1977 film by J. Lee Thompson

The White Buffalo is a 1977 American Western film directed by J. Lee Thompson and starring Charles Bronson, Kim Novak, Jack Warden, Slim Pickens and Will Sampson.

==Plot==
Wild Bill Hickok is haunted by his dreams of a giant white buffalo, so much that he travels the West to find the beast. Along the way, he meets the Lakota warrior Crazy Horse, who is also searching the plains for the giant white buffalo, which has killed his daughter. Hickok and Crazy Horse team up to kill the elusive buffalo.

==Production==
The film was based on a novel by Richard Sale published in 1975. Reviewing the novel, Larry McMurtry said Sale "chose a topic with great possibilities, turned it into a sharpened stake and proceeded to impale himself on it."

Film rights were bought by Dino De Laurentiis, who signed Sale to adapt the novel. Sale said De Laurentiis was, along with Daryl Zanuck, one of the finest producers he ever worked with.

Bronson signed to make the film in July 1975.

"It's a Moby Dick of the west," said director J. Lee Thompson. "It's a film we hope will work on many levels. On the first it is a wonderful, sensitive story between Wild Bill Hickok and the great Indian chief Crazy Horse. On the second it talks of a man having to find himself, seek his destiny, rid himself of fears and become more human."

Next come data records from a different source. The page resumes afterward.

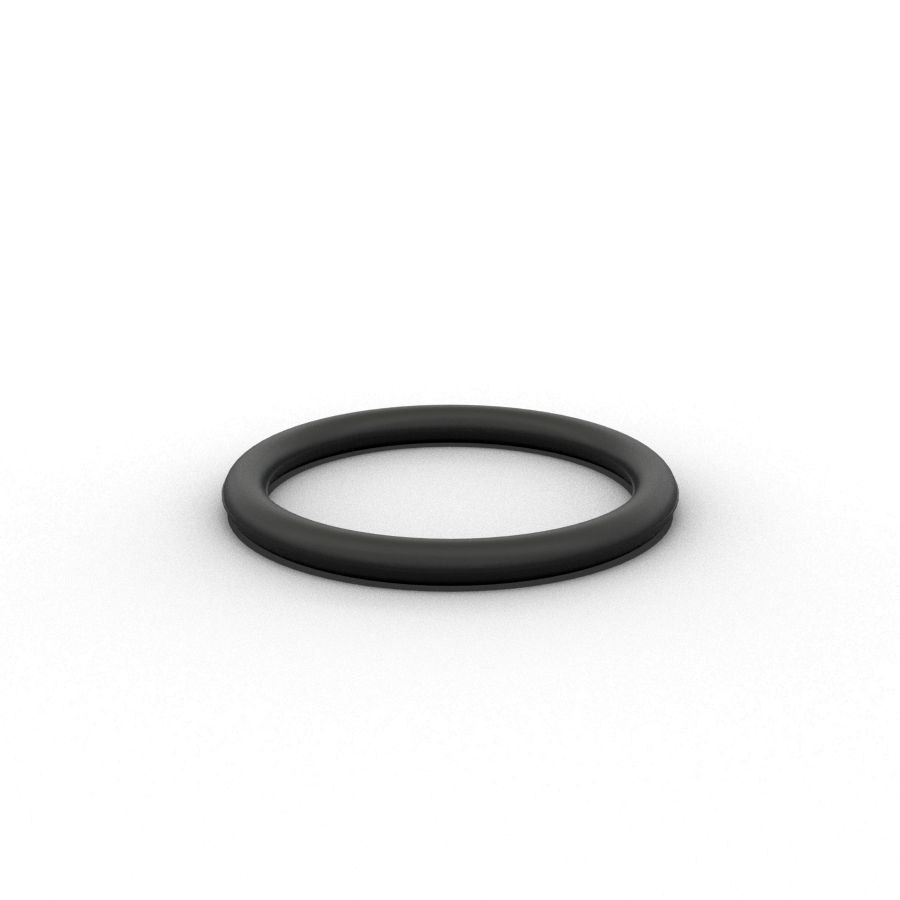 КОМПЛЕКТ КОМПЕНСАТОРА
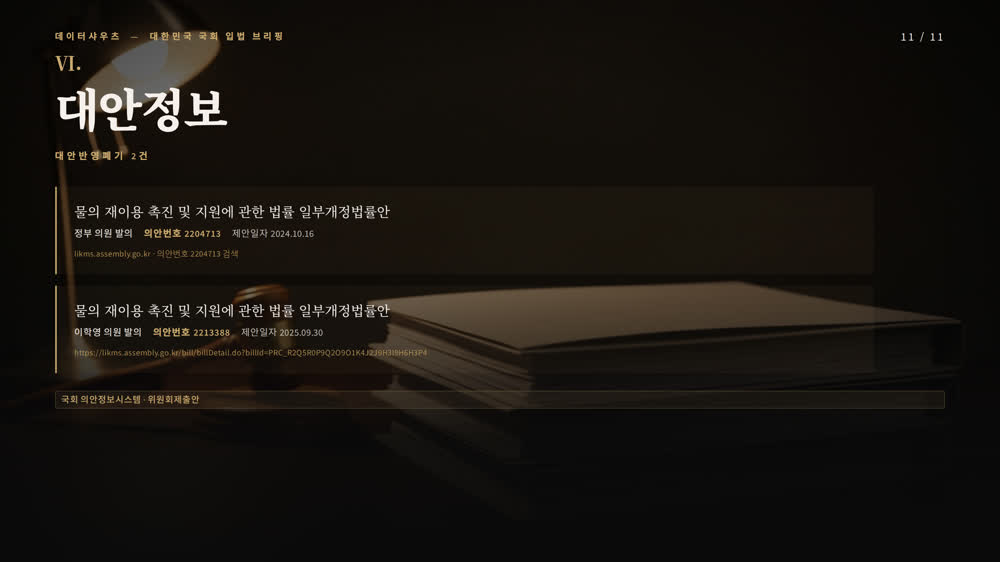 슬라이드 11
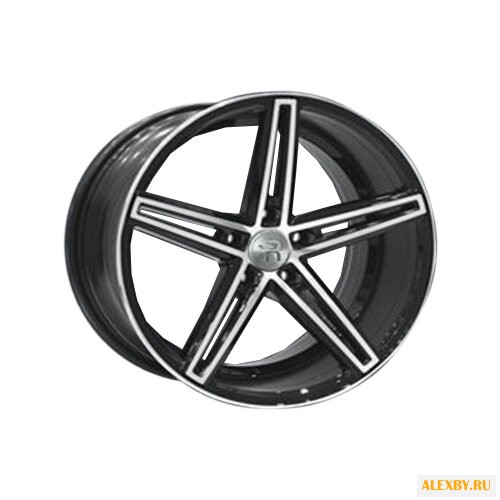 Колесный диск Replay A136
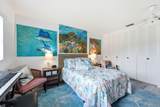 2515 Emory Drive - Photo 11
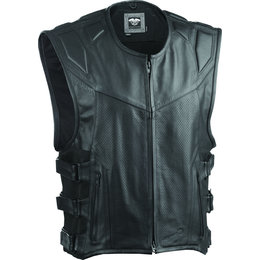 Cruiser Vests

Much of the film was shot on a soundstage in Los Angeles, with location shots in Colorado and New Mexico. For the buffalo scenes, producer Laurentiis hired Carlo Rambaldi to design an animatronic full-size bison that would slide around on tracks. This was based on his larger-scale work on their previous collaboration King Kong (1976).

Actors Ed Lauter and David Roya were similarly involved in King Kong, along with composer John Barry.

==Reception==
===Critical response===
The film had only a sporadic release in various "test engagements" and was not screened for critics.

On Metacritic the film has a weighted average score of 25 out of 100, based on 4 critics, indicating "generally unfavorable reviews".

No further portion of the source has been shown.